September 23, 2019
It’s been almost a month since my big move back to Albuquerque, NM. I have settled in quite nicely, catching up with old friends and adjusting to living alone. I enjoy my alone time, decorating my place just the way I want it. I love to come home because it feels like my home, a feeling I never had in Seattle. I miss my family, but I know this was the best thing I could do for me. I am working part time as a caretaker/helper for an elderly lady who I think is so remarkable. She has lived an amazing life and I am so happy to help her out in any way I can. I am looking for full time work, and hopefully the right job will come my way. I finally feel like I am living my life for me. I am doing what I want, not worrying about having to take care of anyone but myself.
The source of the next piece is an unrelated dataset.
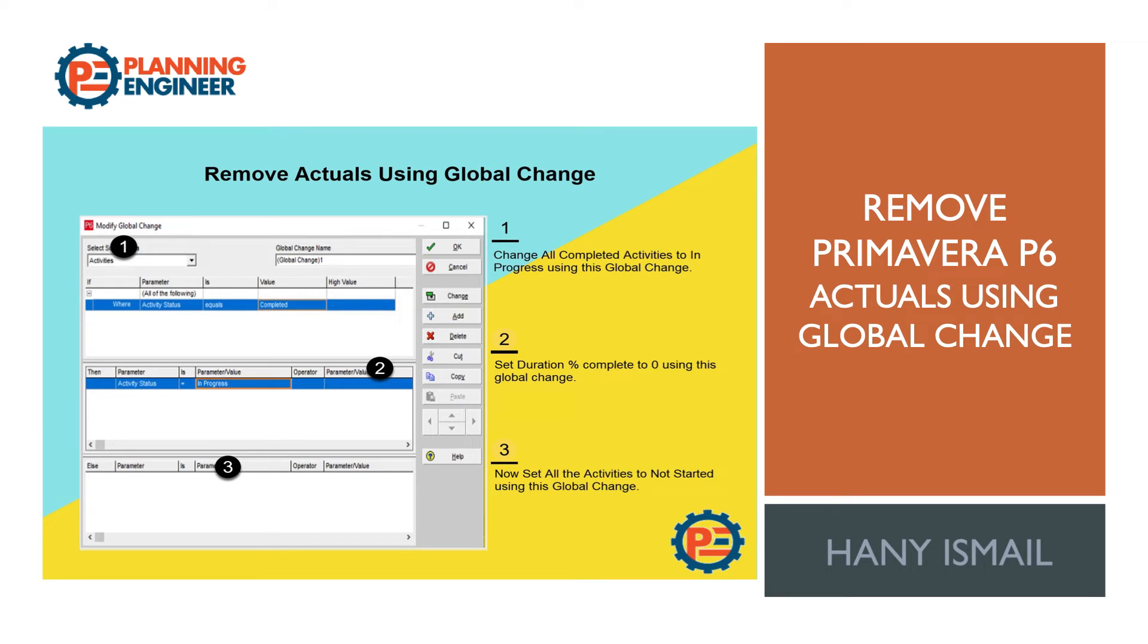Hello planning engineers, in this video I will explain how to remove Primavera P6 actuals using global change. I am your AI friend from planningengineer.net website.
There is one thing I cannot escape, the loneliness I feel not having Aily with me. I don’t really know how to verbalize this and explain this without sounding crazy or extremely weird. I am 41 years old and for the first time I am taking care of only myself, yet I feel this overwhelming sense of guilt and sadness knowing that I was forced into this situation, that this choice was not mine. I would give anything to grow old with my twin sister and we had planned our lives accordingly. Unfortunately, we have no control over what life throws our way, and I was forced into figuring out this life, alone without her. There are nights when I feel happy and content with my decision to move here. And then there are those nights where I am like, what the fuck did I do? Am I running away from her? I left our house, our memories, ran away from the sadness, the hurt I felt in Washington. I feel like a coward leaving our “room” (my parents dining room) where she passed, selfish for needing to get away.
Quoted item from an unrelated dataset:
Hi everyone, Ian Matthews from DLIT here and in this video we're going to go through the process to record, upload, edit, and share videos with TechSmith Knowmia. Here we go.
I guess I will always feel this struggle, this guilt, this sadness….I don’t know, I am still navigating this new me, me without her. I know I shouldn’t feel bad and that she would be so happy for me and want me to move on. But honestly how does one truly move on from the one person in their life who knew them better than anyone? The one person who has been with them before birth? Their literal other half? Once a twin, always a twin, I guess. No matter how much you are an individual, you are always connected to that person even if they are no longer with you. Yes, this is the worst part of being a twin, being without them, continuing life alone.
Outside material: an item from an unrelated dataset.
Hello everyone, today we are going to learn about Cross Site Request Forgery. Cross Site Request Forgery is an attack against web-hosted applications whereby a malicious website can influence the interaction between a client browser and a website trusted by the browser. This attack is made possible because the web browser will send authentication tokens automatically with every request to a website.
I didn’t mean for this post to be so damn depressing, sorry about that. I know I have been struggling mentally with this during this past month. I know I have some anxiety about not working full time right now, but I know I will find something soon. I guess my anxiety brings out all of this shit and I needed to get this out. I cannot complain, even though I know it seems like I am, because despite the struggle, I am thriving, I am figuring things out. I am happy here; I am glad I moved to NM. Everything will just be an adjustment, a lifelong adjustment.
Thanks for listening.
Just some of my favorite pics of us:
We were all so cute an innocent……that didn’t last long
Gardening in our backyard in NY….Aily looks so chill and cool and I look like a jackass with my mouth wide open.
Aily and Snickers, she loved him so much!!!